In Cook County, where a previous assessor changed vacation rental properties to a slightly higher-rate residential non-homestead classification last year, current assessor Bob Thompson said he has landed on the 183-day threshold for changing properties to commercial, based on the revenue department’s memo.

‘Cascading events’ a concern

That is good news for Milan and Nancy Shipka, who bought a lake place a decade ago on Lake Superior. The professor and retired teacher fell in love on the North Shore and now, even though they live in Alaska, spend up to two months a year in their cozy two-bedroom Minnesota cabin, Milan Shipka said. The rest of the time they offer it up as a vacation rental.

Though the number of days they rent it varies each year, they recently rented it for just under the 183-day threshold, Milan Shipka said.

The couple paid $4,850 in taxes this year under the seasonal-recreational classification assigned to their place. If it were changed to commercial, their bill would jump to an estimated $13,350, Thompson said.

Milan Shipka said they don’t view their cabin as an investment property. The money they get from renting it out helps offset ownership costs. “It has not provided a positive income, I’ll say that,” he added.

The Shipkas will be sure to hold the number of days rented to under 183 now, he said, but warned that will mean fewer dollars flowing to people who clean and maintain the place.

The Shipkas rent out their cabin through Cascade Vacation Rentals, a local business that has been managing people’s properties for decades.

Cascade co-owner Mike Larson said he’s had several property owners call to say they are thinking about removing their properties from the rental program. A few are contemplating selling their places if higher taxes eat more of their rental income, they told him.

“Those are the cascading events that I’m concerned about,” Larson said. “You’re going to see cascading values, less heads in beds, which means less people at the restaurants, wineries, ski areas, golf courses.”

Dennis Rysdahl, the majority owner in the AmericInn hotel in Tofte, as well as owner of a company that rents and manages privately owned condos at Bluefin Bay, argues that his hotel’s assessed value is based on economics, while second homes are valued on their estimated resale price.

The AmericInn pays about $58,000 in real estate taxes — roughly 5.5% of its gross income, he said. A typical one-bedroom at Bluefin that earns about $50,000 in rental income pays about 5.1% of its gross sales as a seasonal recreation property. If it were reclassified as commercial, the tax would increase to nearly 15%, he said.

“The whole fairness issue falls completely apart,” he said. “They don’t work as an investment in the same way.”

A frustrating issue

Assessors agree the varied interpretations may be frustrating to people.

Otter Tail County Assessor Doug Walvatne said he is viewing “primary use” as commercial if a place is rented more days than it is owner-occupied. The days that a place sits empty aren’t counted.
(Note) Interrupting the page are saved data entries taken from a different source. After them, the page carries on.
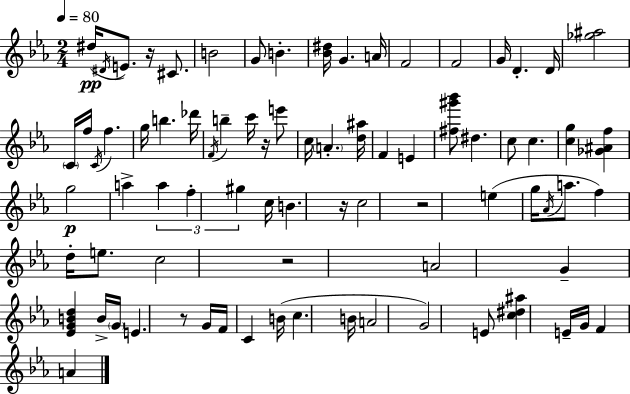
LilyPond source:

{
  \clef treble
  \numericTimeSignature
  \time 2/4
  \key ees \major
  \tempo 4 = 80
  dis''16(\pp \acciaccatura { dis'16 } e'8.) r16 cis'8. | b'2 | g'8 b'4.-. | <bes' dis''>16 g'4. | \break a'16 f'2 | f'2 | g'16 d'4.-. | d'16 <ges'' ais''>2 | \break \parenthesize c'16 f''16 \acciaccatura { c'16 } f''4. | g''16 b''4. | des'''16 \acciaccatura { f'16 } b''4-- c'''16 | r16 e'''8 c''16 \parenthesize a'4.-. | \break <d'' ais''>16 f'4 e'4 | <fis'' gis''' bes'''>8 dis''4. | c''8 c''4. | <c'' g''>4 <ges' ais' f''>4 | \break g''2\p | a''4-> \tuplet 3/2 { a''4 | f''4-. gis''4 } | c''16 b'4. | \break r16 c''2 | r2 | e''4( g''16 | \acciaccatura { aes'16 } a''8. f''4) | \break d''16-. e''8. c''2 | r2 | a'2 | g'4-- | \break <ees' g' b' d''>4 b'16-> \parenthesize g'16 e'4. | r8 g'16 f'16 | c'4 b'16( c''4. | b'16 a'2 | \break g'2) | e'8 <c'' dis'' ais''>4 | e'16-- g'16 f'4 | a'4 \bar "|."
}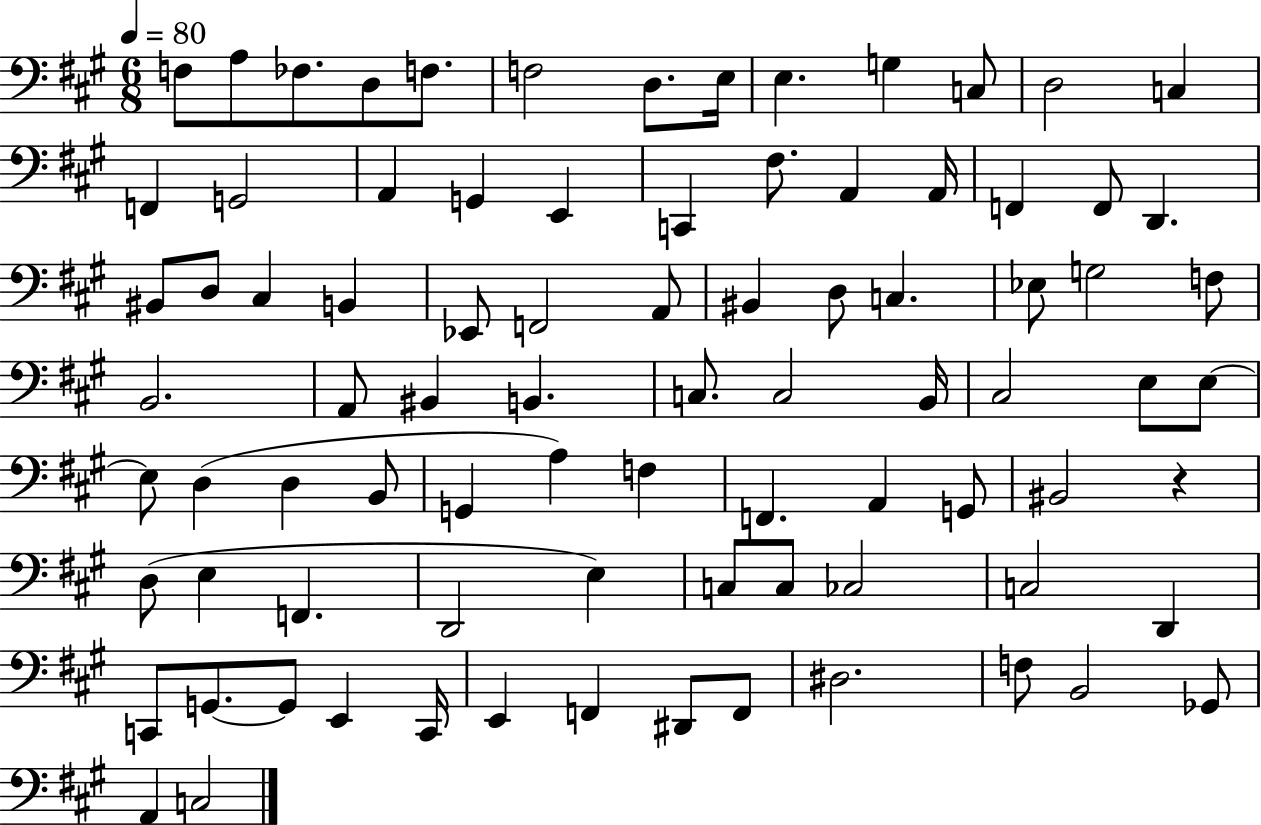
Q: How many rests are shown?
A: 1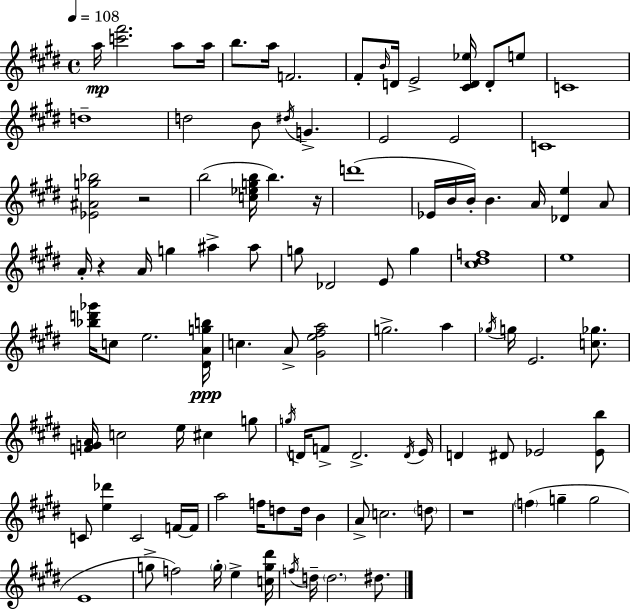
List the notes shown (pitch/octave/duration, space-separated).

A5/s [C6,F#6]/h. A5/e A5/s B5/e. A5/s F4/h. F#4/e B4/s D4/s E4/h [C#4,D4,Eb5]/s D4/e E5/e C4/w D5/w D5/h B4/e D#5/s G4/q. E4/h E4/h C4/w [Eb4,A#4,G5,Bb5]/h R/h B5/h [C5,Eb5,G5,B5]/s B5/q. R/s D6/w Eb4/s B4/s B4/s B4/q. A4/s [Db4,E5]/q A4/e A4/s R/q A4/s G5/q A#5/q A#5/e G5/e Db4/h E4/e G5/q [C#5,D#5,F5]/w E5/w [Bb5,D6,Gb6]/s C5/e E5/h. [D#4,A4,G5,B5]/s C5/q. A4/e [G#4,E5,F#5,A5]/h G5/h. A5/q Gb5/s G5/s E4/h. [C5,Gb5]/e. [F4,G4,A4]/s C5/h E5/s C#5/q G5/e G5/s D4/s F4/e D4/h. D4/s E4/s D4/q D#4/e Eb4/h [Eb4,B5]/e C4/e [E5,Db6]/q C4/h F4/s F4/s A5/h F5/s D5/e D5/s B4/q A4/e C5/h. D5/e R/w F5/q G5/q G5/h E4/w G5/e F5/h G5/s E5/q [C5,G5,D#6]/s F5/s D5/s D5/h. D#5/e.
“It’s classified based on the actual use, so that’s what we would look at,” he said.

Gary Griffin, the assessor in Crow Wing County, covering part of the Brainerd Lakes area, is going with what he calls the least aggressive approach, similar to Cook County — changing to commercial classification only if a property is rented more than half the calendar year.

“If it’s [a property owner’s] personal belongings inside a house, we’re not going to argue they didn’t use it personally,” Griffin said.

Some industry officials hope the Legislature finds a better solution. Legislative changes can be made retroactive, so assessors’ decisions now could be nullified later.

In Cook County, community leaders are discussing options to suggest to state lawmakers.

Sen. Paul Gazelka, R-Nisswa, said his office has received many calls from concerned property owners and real estate professionals.

“Both homeowners and resorts that have done some of this activity are concerned about what might happen,” said Gazelka, who has been discussing the issue with other lawmakers. “It changes all the rules midstream as far as they’re concerned.”

Gazelka said he and Sen. Tom Bakk, DFL-Cook, are trying to find common ground.

“If it’s something we agree on both sides of the aisle … likely it would be something that would come to pass,” he said. “I’d rather have clarity at the state level.”